# Working 19.5 hours a week.. Entitled to any social welfare too?



## kierank (14 Jan 2007)

Hi, 

I have been working whilst going to full-time college for the last couple of years. I have then worked full-time for the last few summers in the same job. however, this summer It is doubtful that any more than the 19.5 hours are available and i will also be finished college.. Im wondering am i entitled to claim any social welfare even though i am working part-time hours??

Thanks in advance!!


----------



## dave28 (14 Jan 2007)

*Re: Working 19.5 hours a week.. Entitled to any social welfare too??*

i think the criteria is that you are AVAILABLE for work for the rest of your week : for instance , if you work 3 hrs, 5 days per week , you wouldnt qualify for SW because you are unavailable all week. However, if you work 2 - 3 days, you are available for the remainder of the week.

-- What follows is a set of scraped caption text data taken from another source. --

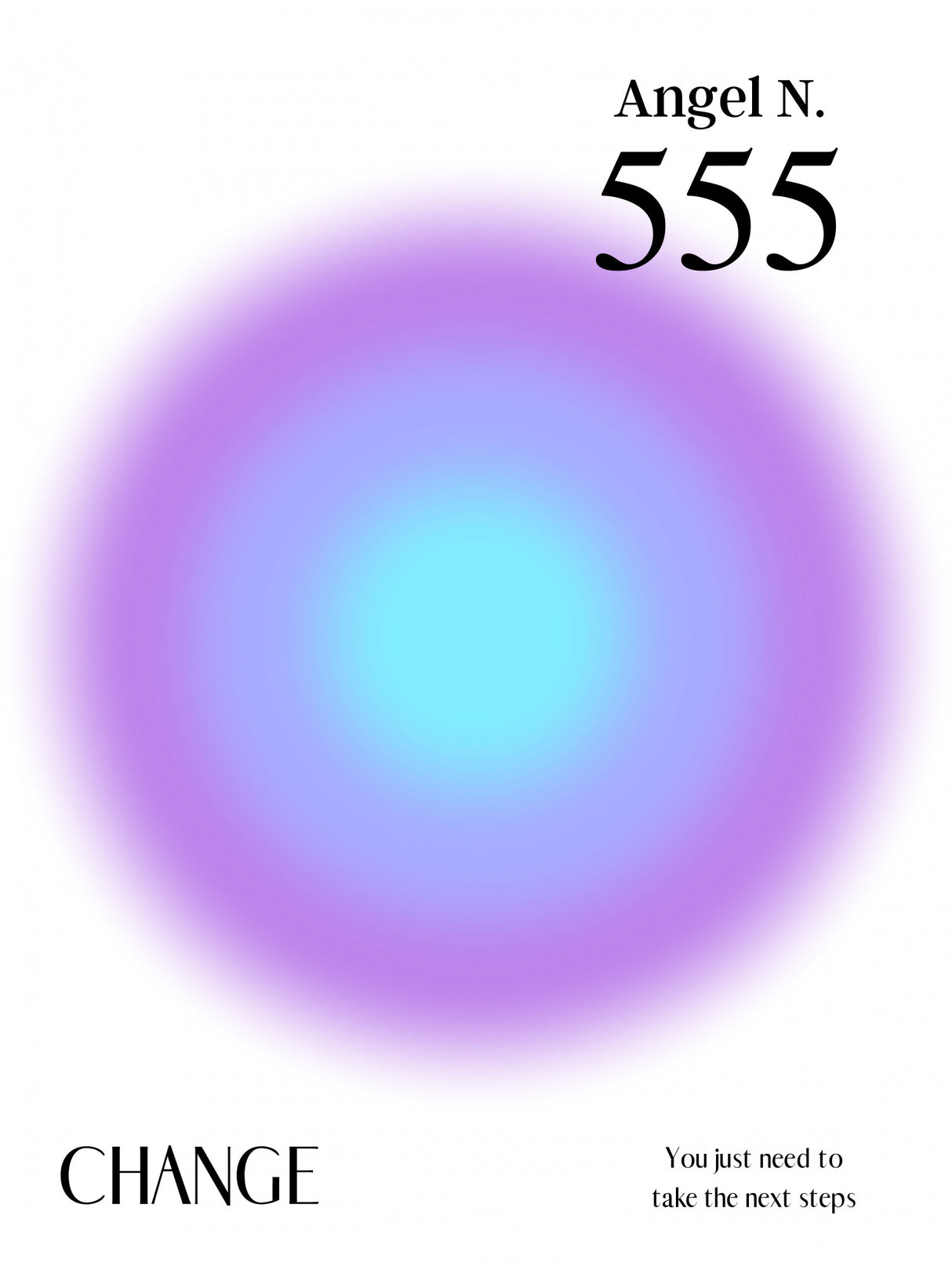 Angel Number 555 Poster och Canvastavla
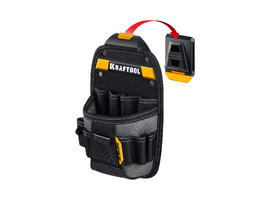 KRAFTOOL KP-11 с быстросъёмным креплением FastClip, 11 карманов и петель, 170 х 360 мм, поясная сумка (38777) - фото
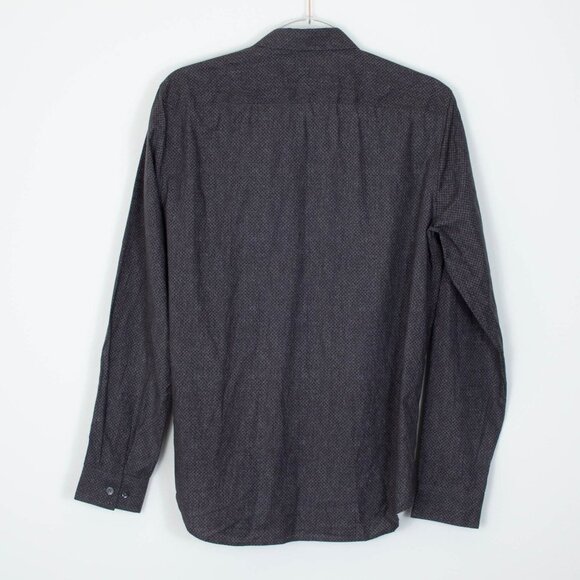 Theory Irving Tone Dot Print Button Front Shirt Mens Size Small - Picture 8 of 9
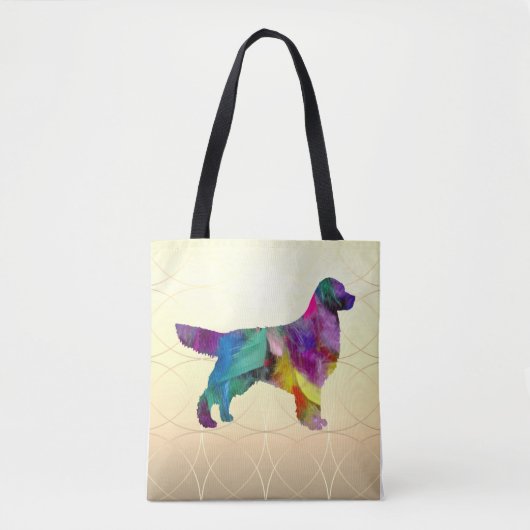 Colorful Golden Retriever Tote Bag (Voorkant)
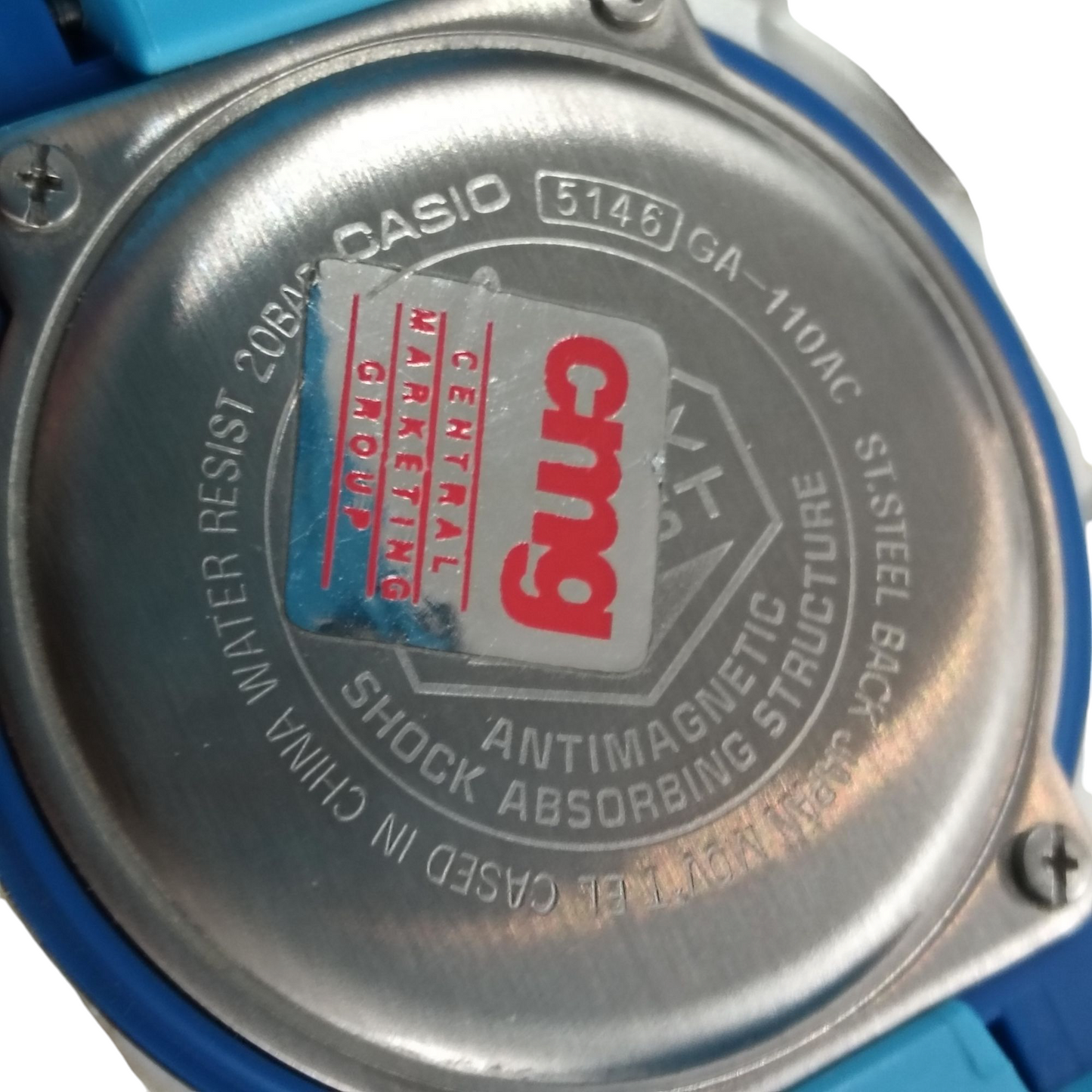CASIO G-SHOCK Wrist Watch GA-110AC skyblue/White
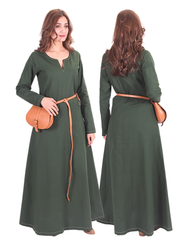 FREYA Cotton Green -  Medieval Viking Underdress
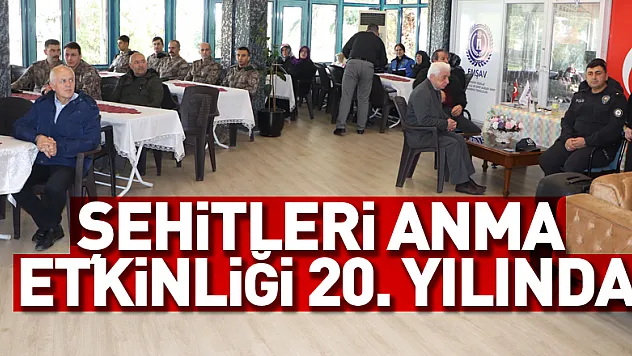 Şehitleri anma etkinliği 20. yılında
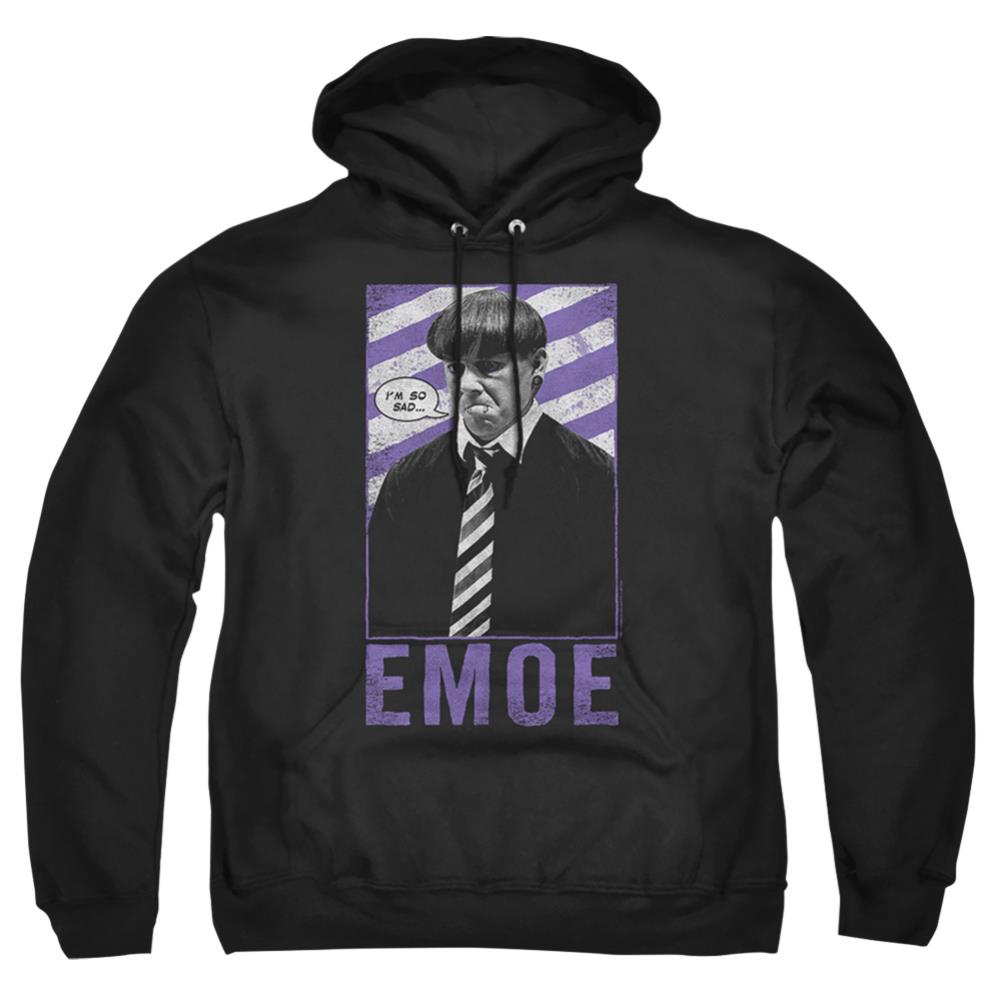 Three Stooges Emoe Men's Pull-Over 75 25 Poly Hoodie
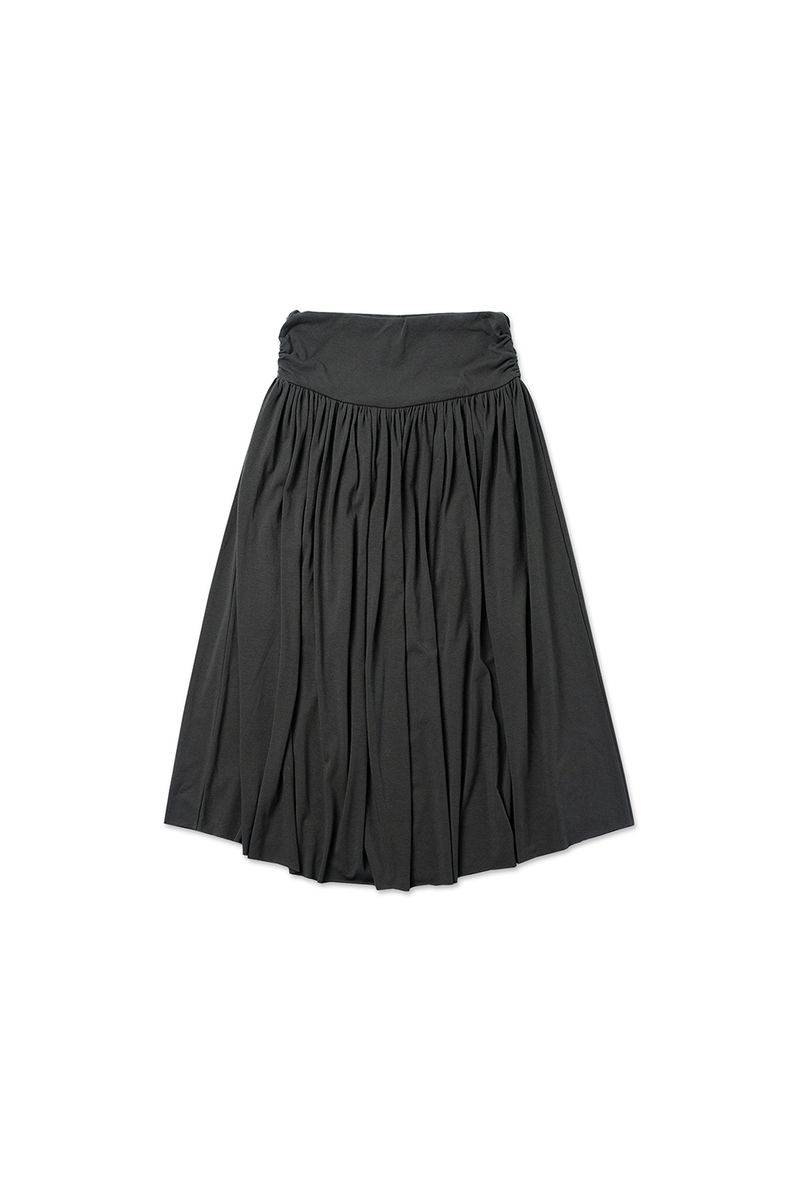 Mona shirring skirt_charcoal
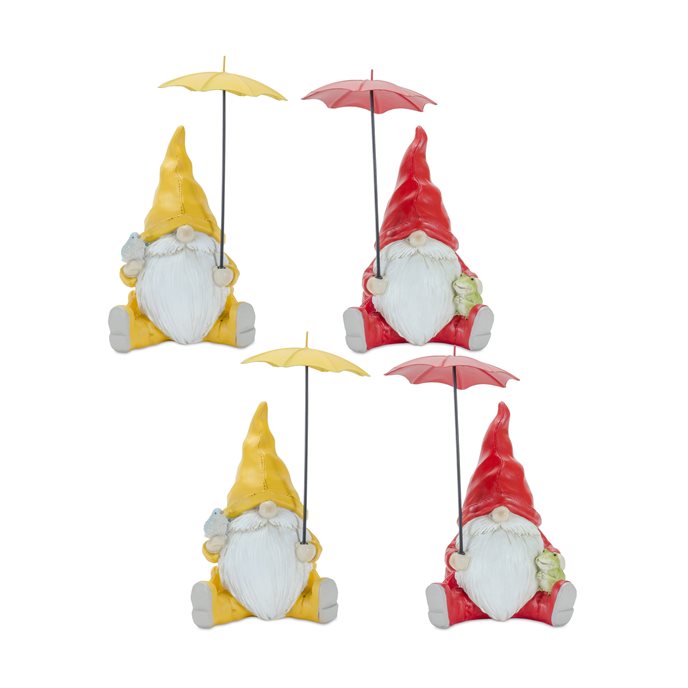 Garden Gnome with Umbrella and Woodland Animals (Set of 2) Thumbnail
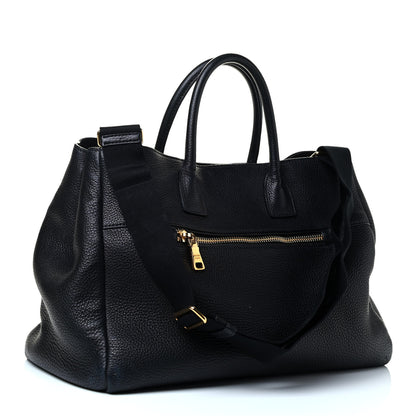 Prada Vitello Daino Tote Black 2 of 4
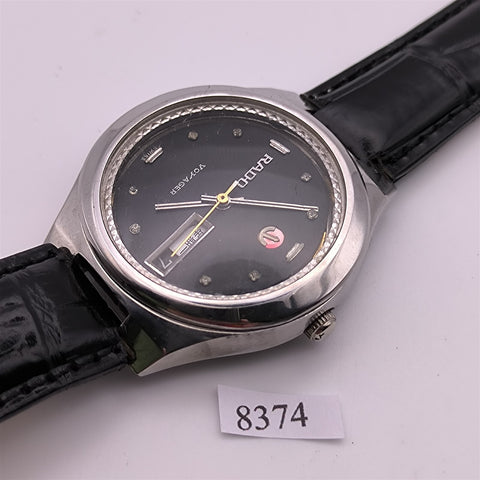 PROJECT TO FIX RADO VOYAGER SS DAY DATE EU SHIP MENS WATCH BVT08374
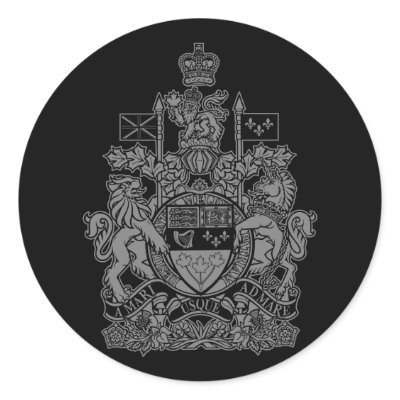 Canada Coat of Arms - Canada Crest Stickers by strk3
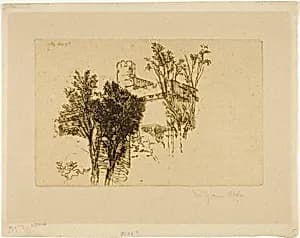 The Turret by Francis Seymour Haden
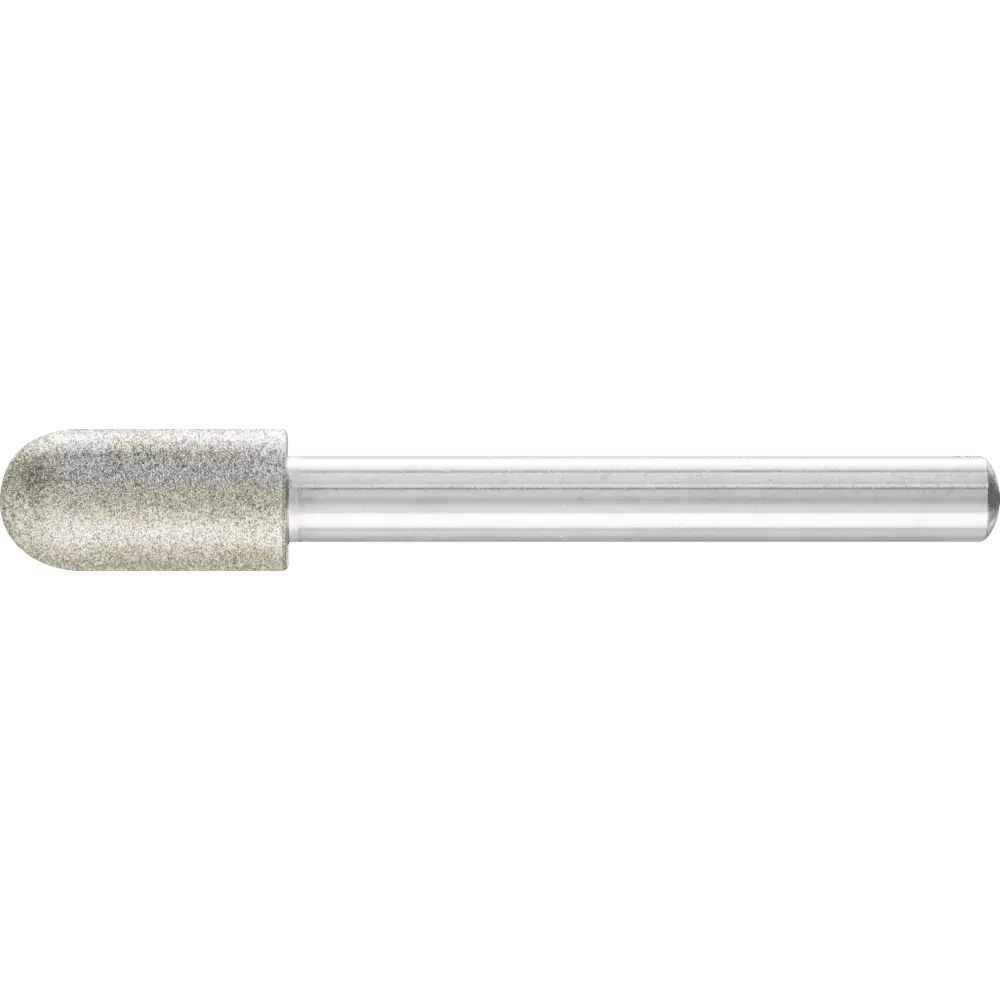 Produktfoto 1 von PFERD TOOLS Diamant-Schleifstift Walzenrund Ø10,0mm Schaft-Ø6 mm D126 (mit.) ideal für den Handeinsatz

I think im right but im not 100% certain


----------



## bond-007 (15 Jan 2007)

*Re: Working 19.5 hours a week.. Entitled to any social welfare too??*

That is correct dave28.


----------



## kierank (18 Jan 2007)

*Re: Working 19.5 hours a week.. Entitled to any social welfare too??*

Thanks guys.. I work 2 days a week 19.5 hours in total.. If there are no extra hours available for me to work as i am a job sharer and there is no full time positions available am i entitled to claim any supplementry welfare for the rest of the week??


----------



## gipimann (18 Jan 2007)

See the following from the guidelines on Jobseeker's Allowance/Jobseeker's Benefit taken from the Welfare website:

" A person is not regarded as unemployed in respect of any day on which s/he is working under a contract of employment (written or otherwise) or is in receipt of wages. For example, the following classes of persons would be considered to be not unemployed: 

permanent full-time teachers who receive payment in respect of school holidays
a person who is voluntarily job-sharing
a person who is on a career break (during the agreed period of the career break) "
So, if you're a job-sharer, technically you're employed for the full week and won't qualify for jobseeker's allowance or jobseeker's benefit.

Have a look at www.welfare.ie for guidelines and info


----------



## Welfarite (19 Jan 2007)

The question here is whether you are voluntarily "job-sharing" or are you working as a "casual", that is taking whatever days you get. What type of employment is it?


----------



## kierank (21 Jan 2007)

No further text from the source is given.